- Goal of the exercise:
When copying the data below, keep only the lines from the one with "Avoid drag —" through the one with "Meanwhile, the Arrow-3", word for word, and skip the pictures.

- Data provided:
╔══

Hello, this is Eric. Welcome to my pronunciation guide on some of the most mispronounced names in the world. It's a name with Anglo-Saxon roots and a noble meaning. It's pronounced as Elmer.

╚══
╔══

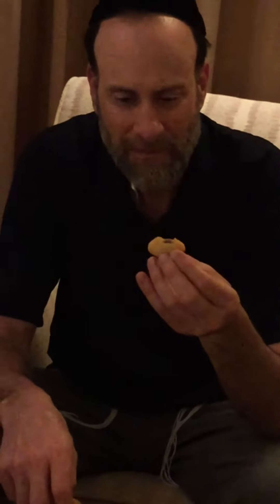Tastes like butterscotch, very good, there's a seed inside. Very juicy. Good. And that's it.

╚══
╔══

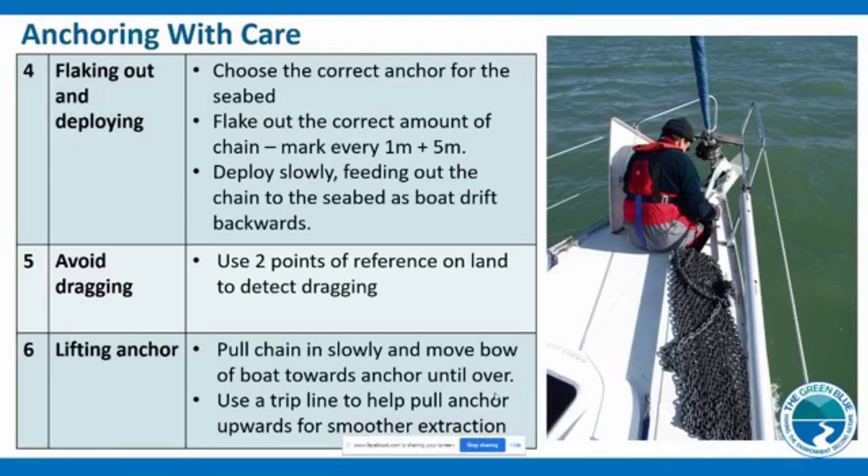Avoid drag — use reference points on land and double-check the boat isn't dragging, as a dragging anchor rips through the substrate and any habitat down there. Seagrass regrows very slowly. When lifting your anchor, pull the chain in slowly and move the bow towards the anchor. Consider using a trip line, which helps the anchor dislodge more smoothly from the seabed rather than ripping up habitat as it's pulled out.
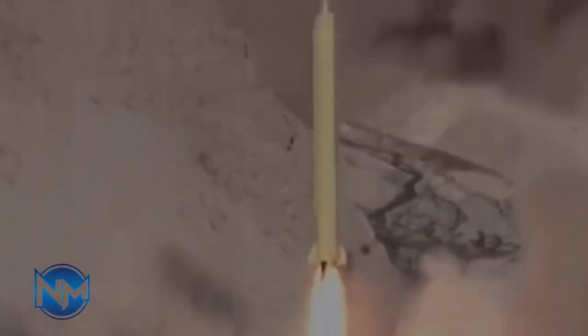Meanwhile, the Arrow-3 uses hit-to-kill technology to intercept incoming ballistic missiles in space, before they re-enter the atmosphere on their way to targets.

╚══

- Exercise output:
Avoid drag — use reference points on land and double-check the boat isn't dragging, as a dragging anchor rips through the substrate and any habitat down there. Seagrass regrows very slowly. When lifting your anchor, pull the chain in slowly and move the bow towards the anchor. Consider using a trip line, which helps the anchor dislodge more smoothly from the seabed rather than ripping up habitat as it's pulled out.
Meanwhile, the Arrow-3 uses hit-to-kill technology to intercept incoming ballistic missiles in space, before they re-enter the atmosphere on their way to targets.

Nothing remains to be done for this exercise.